The Commerce Department is required by law to issue a preliminary decision on the antidumping claim possibly in mid-January but no later than late March, and on the antisubsidy claim no later than mid-May. Many trade experts expect that the decision would include steep tariffs on imports, and that those tariffs would be retroactive to 90 days before each decision and possibly retroactive to Wednesday’s opening of the department’s investigation.

Chinese industries have lost almost all of the antidumping and antisubsidy cases against them for decades because the United States still categorizes China as a nonmarket economy, which means that special rules are used that tend to favor the American industry.

Most of the big Chinese solar panel manufacturers have subsidiaries in the United States that are the legal importers, so they — not the American installers of solar panels — would incur the initial costs of any tariffs. But those costs could be expected to be passed along to customers; otherwise, Chinese companies might find themselves vulnerable to higher antidumping penalties in the future.

Taking the lead in the dumping petition was SolarWorld Industries America, a unit of the German manufacturer SolarWorld. Six other American solar panel manufacturers signed on to the case with SolarWorld, but all have exercised the option to keep their identities secret.

That anonymity could help relieve them and their executives from fears of retaliation by the Chinese government, which could come in the form of denying them access to the Chinese market or denying them visas.

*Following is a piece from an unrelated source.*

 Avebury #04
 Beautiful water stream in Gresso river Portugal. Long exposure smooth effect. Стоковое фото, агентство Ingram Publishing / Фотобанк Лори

But the secrecy also makes it hard for the Chinese industry’s lawyers to figure out if the companies filing the case have themselves received American government subsidies. SolarWorld Industries America has acknowledged receiving a few million dollars in subsidies for research and none for exports. Government subsidies that promote exports are the ones likely to violate international trade rules.

Li Junfeng, the president of the Chinese Renewable Energy Industries Association and also a deputy director general of the National Development and Reform Commission, China’s top economic planning agency, said in a telephone interview on Thursday morning that the United States and China should work together to reduce the cost of solar power instead of engaging in trade conflicts.

While the American manufacturers say that their Chinese competitors have received billions in subsidies, Mr. Li denied this, and said that Chinese companies’ subsidies had not come close to Solyndra’s. “No one gets a bigger subsidy; all of them are $10 million or less,” and these amounts were mainly in 2005 and 2006, he said.